NAM backs more funding for product safety commission

RP news wires, Noria Corporation
Tags: workplace safety

Testifying on behalf of the National Association of Manufacturers, Joseph M. McGuire, president of the Association of Home Appliance Manufacturers, on November 6 told the House Committee on Energy and Commerce that the Consumer Product Safety Commission needs more resources to do its job effectively. McGuire spoke for the NAM CPSC Coalition, which represents most manufacturers of consumer products in the United States.

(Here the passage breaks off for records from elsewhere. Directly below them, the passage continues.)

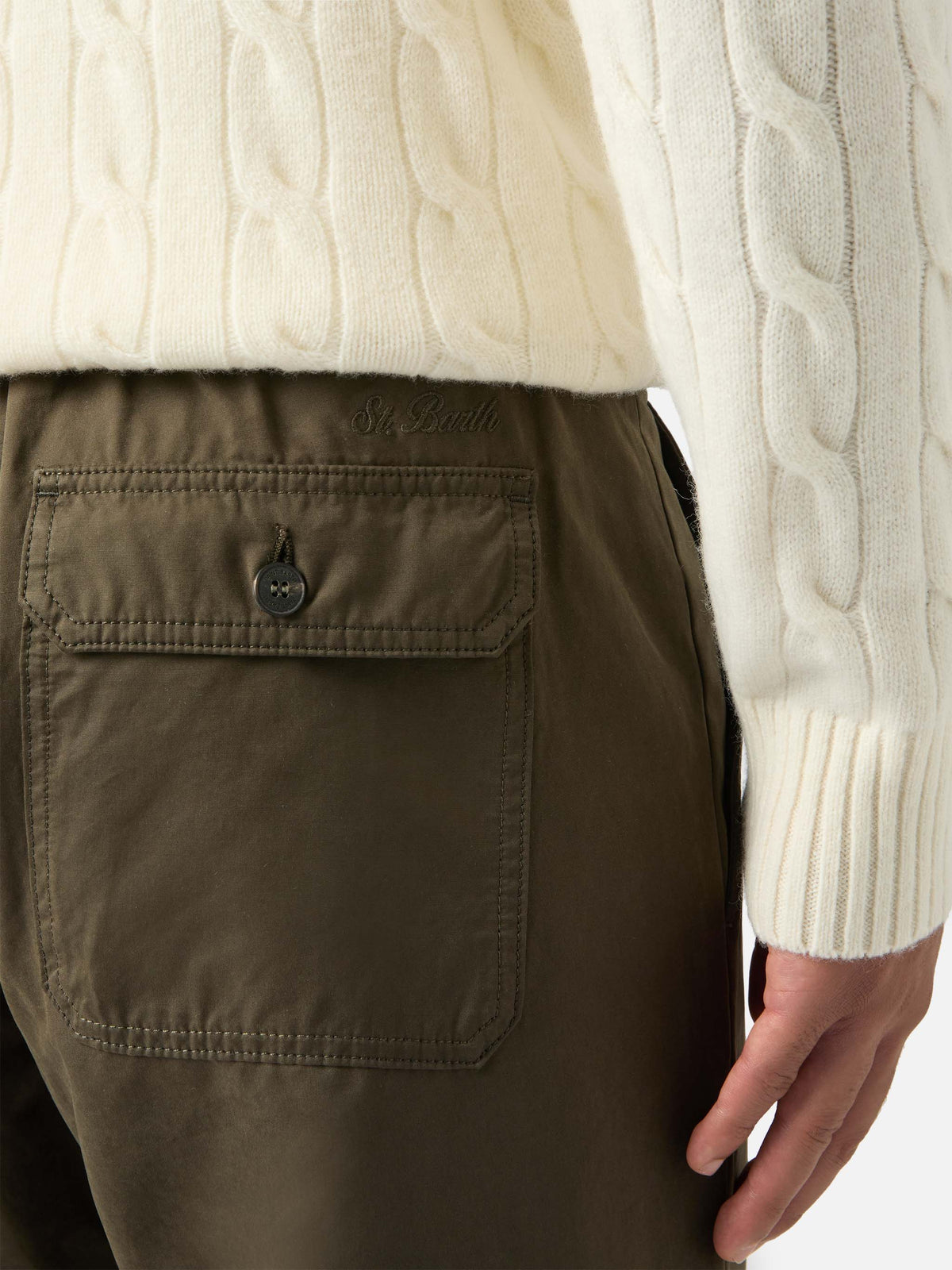 Military green Fuji waxed trousers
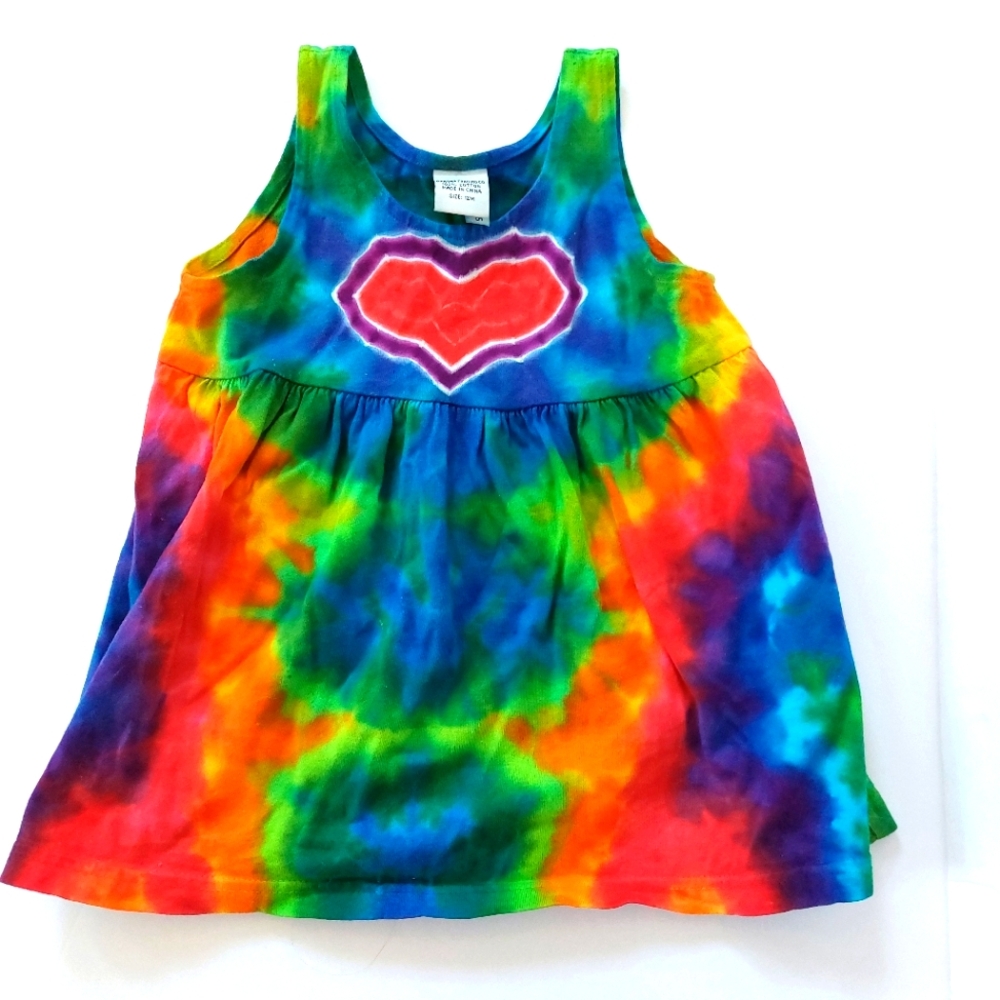 Tie Dye Rainbow Heart Dress size 12 months Dharma Trading Co 100% Cotton‎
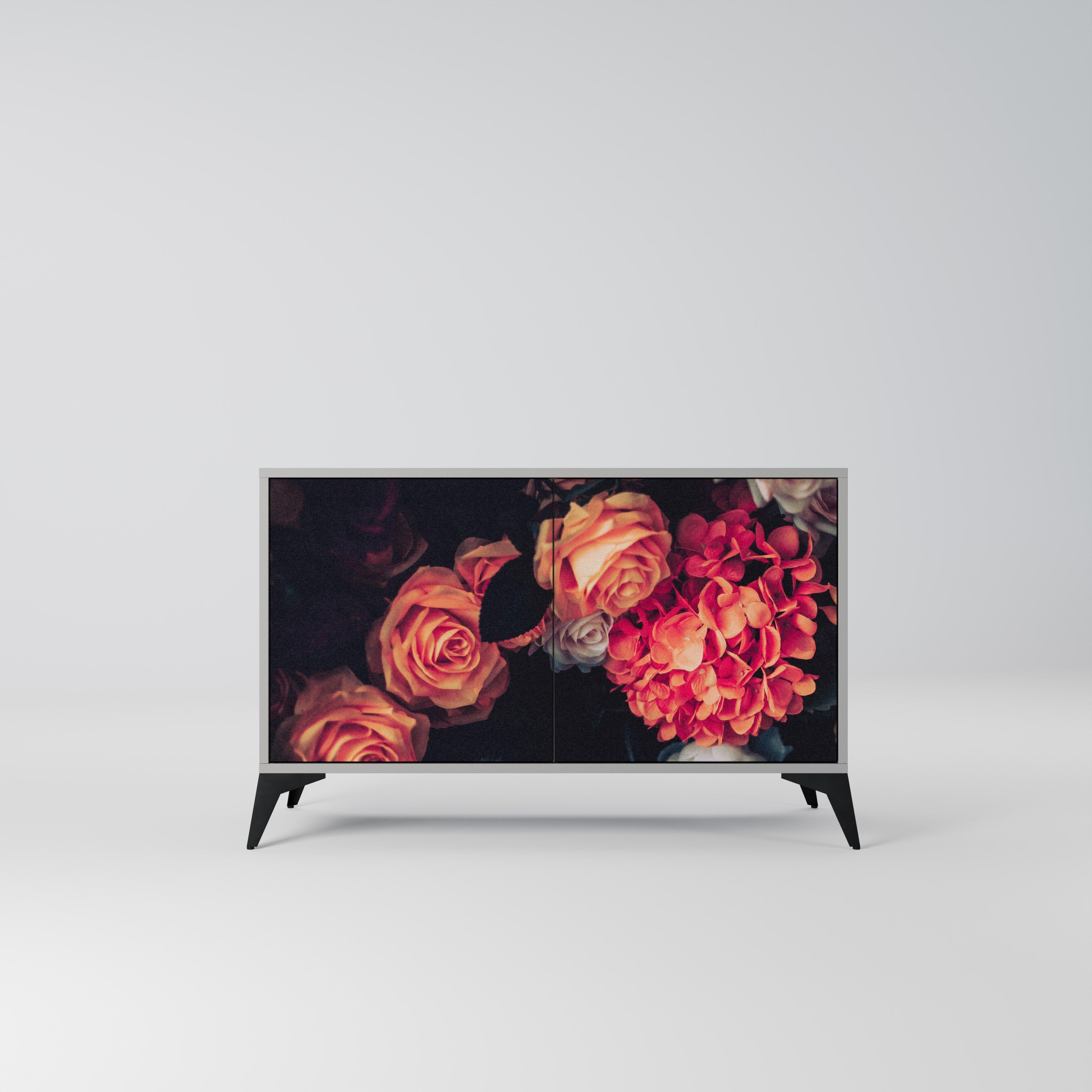 NEVERENDING BLOOM 2-Door Sideboard in Grey Finish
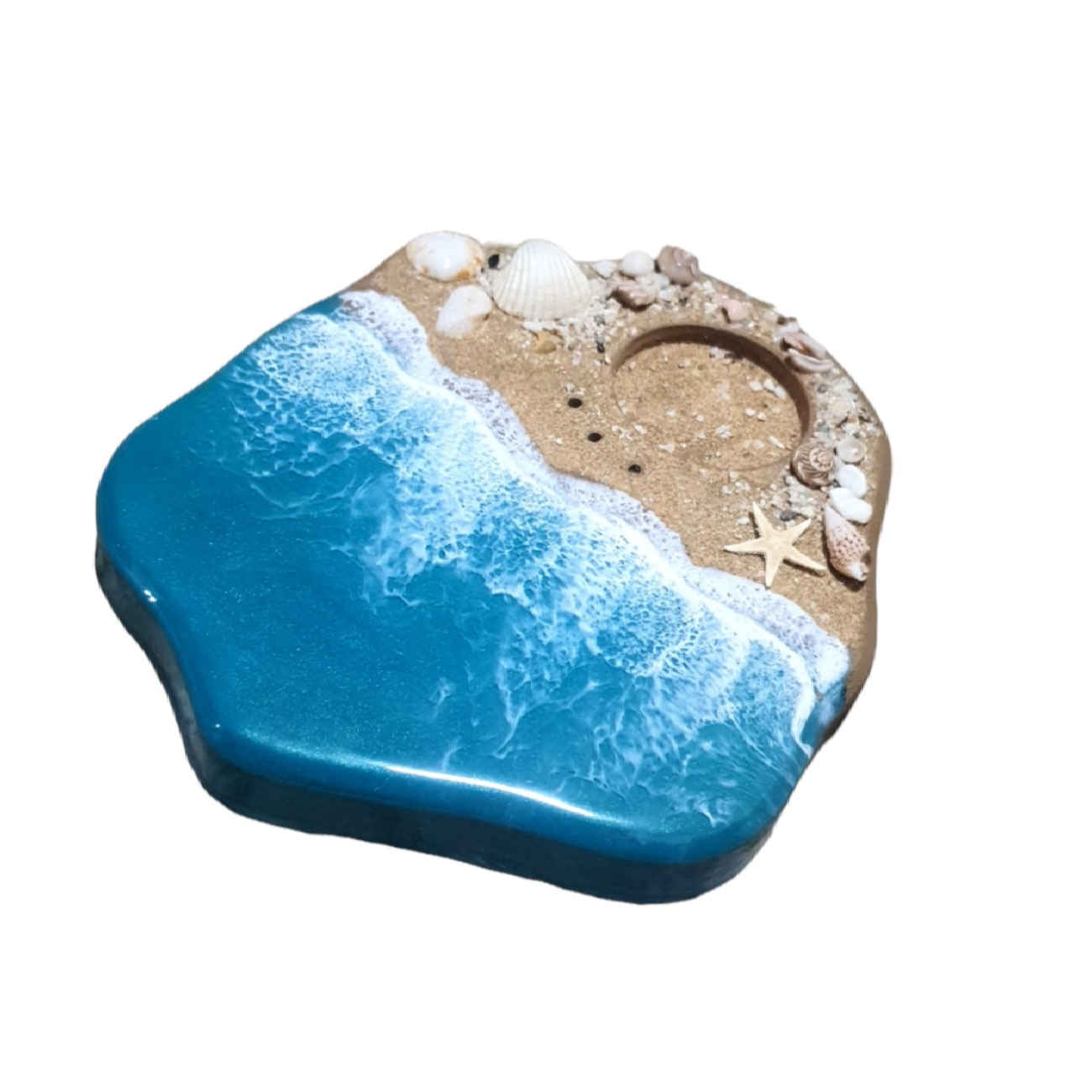 Handgefertigter Räucherstäbchenhalter aus Harz – Meer- und Stranddesign
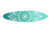 76" X 18" Blue and White Surfboard Floral Medallion Wood Wall Decor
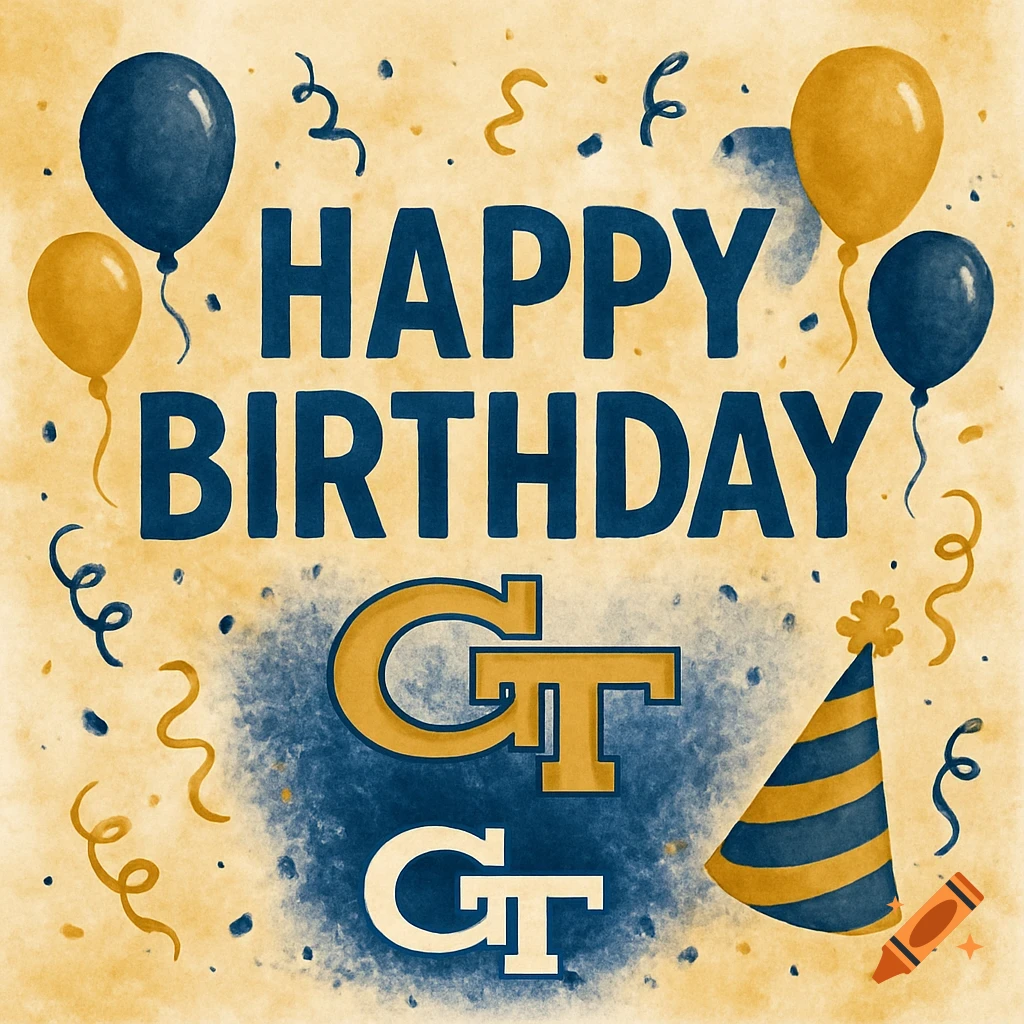 Watercolor illustration of a happy birthday message with Georgia Tech logo, balloons, confetti, and party hat.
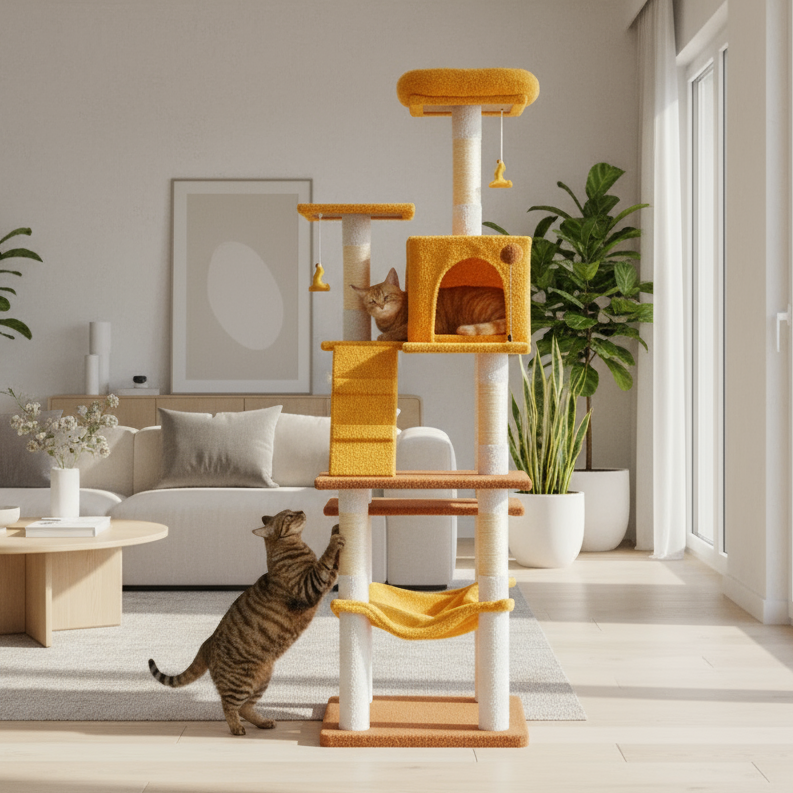 Cat climbing a multi-level cat tree with a beige wall and wooden floor in the background.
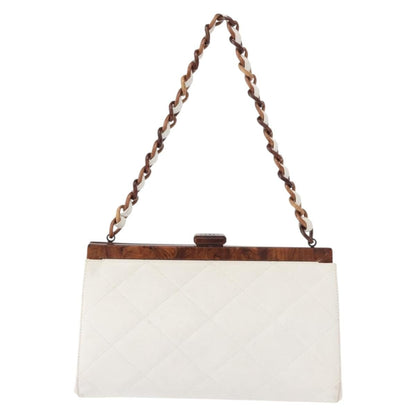 Chanel Wooden Frame Striped Shoulder Bag Leather, WHITE, LEATHER, Shoulder bag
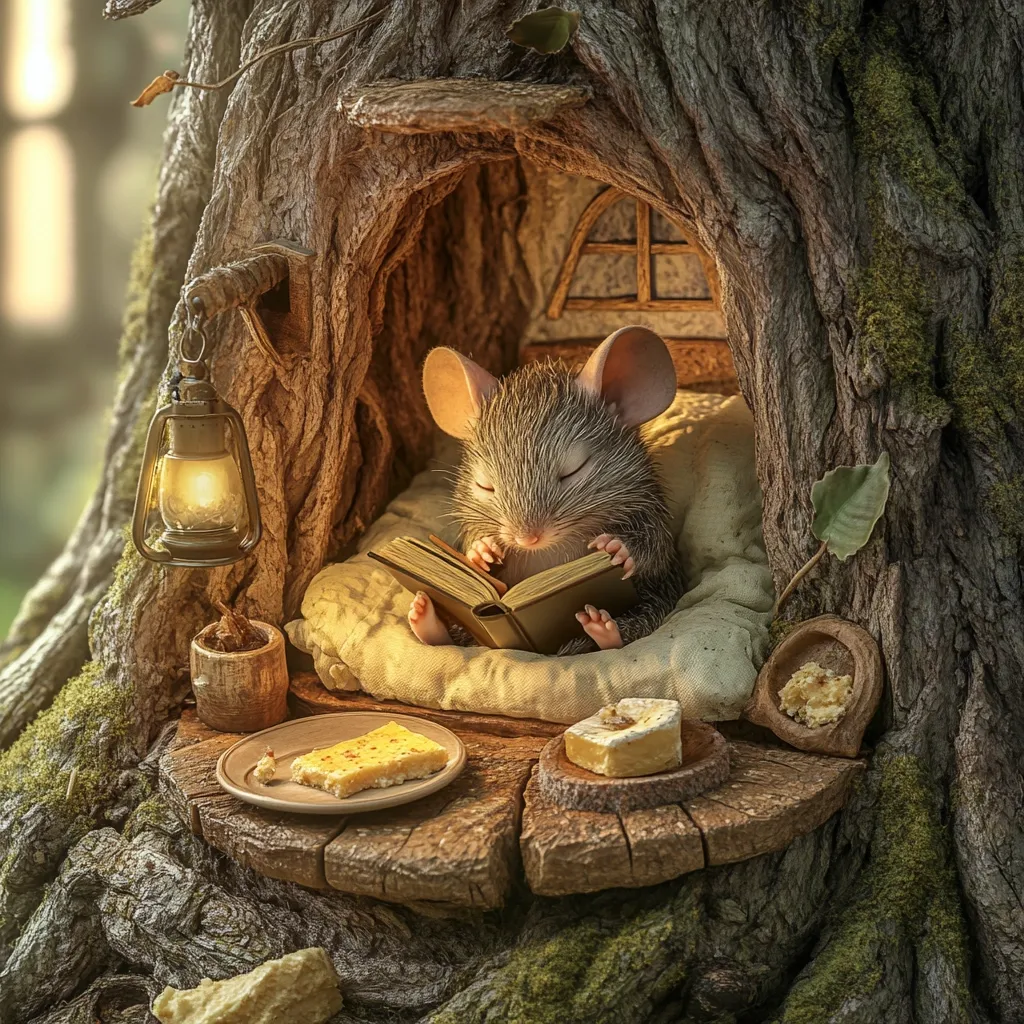 A charming illustration depicts a mouse nestled in a cozy tree hollow, engrossed in a book.  A small lantern casts a warm glow on the scene, illuminating the mouse's peaceful reading.  A wooden table holds a slice of cheese and other treats, adding to the whimsical atmosphere of the miniature forest home.  The detail is exquisite, creating a magical and enchanting image.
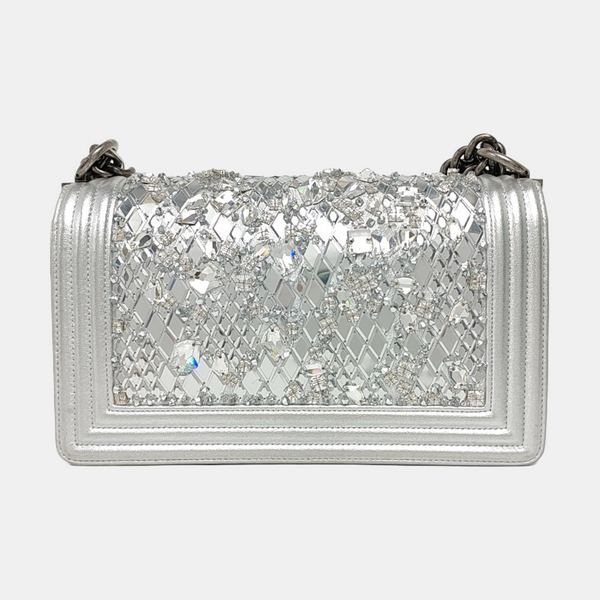 BOY CHANEL Medium Lambskin Silver
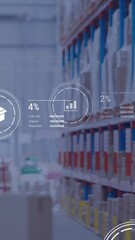 Poster - Animation of icons with data processing over caucasian male worker in warehouse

"We have aggressively supported increased appropriations for the commission in this Congress, and advocate that these increased dollars be directed to enhancing the CPSC's personnel dedicated to product testing, evaluation and enforcement and to improved technology and facilities," McGuire said. "Companies that work with the commission recognize that it is facing many challenges, is thinly staffed, many veteran employees are retiring, and its information technology systems and laboratory are grossly inadequate. Modern technology makes it possible for a smaller commission to be more productive than the larger commission of the 1970s, but 21st-century technology and resources must be in place."


McGuire said the American marketplace is safer than ever but "the perception of a safety problem" is troubling to U.S. manufacturers because their economic viability depends on public confidence in their products.


"We support stepped-up efforts to ensure that Chinese producers throughout the supply chain are meeting the appropriate standards of safety and quality," he said.


The House Committee is conducting hearings on The Consumer Product Safety Modernization Act of 2007, H.R. 4040. McGuire said the coalition supports many provisions within H.R. 4040, but is concerned that legislation should not impose new non-tariff barriers to imports.


"We absolutely agree that imported products should be designed and manufactured just as safely as U.S. products," he said.


McGuire said manufacturers support rapid dissemination of information to the public, and that most delays in responses to Freedom of Information Act requests are due to CPSC's lack of resources and technology.


"In order to maintain the present environment of voluntary industry communications to CPSC, we strongly urge the Congress to keep in place the requirement that there be review of company submissions and CPSC documents for accuracy and fairness before disclosure occurs," he said.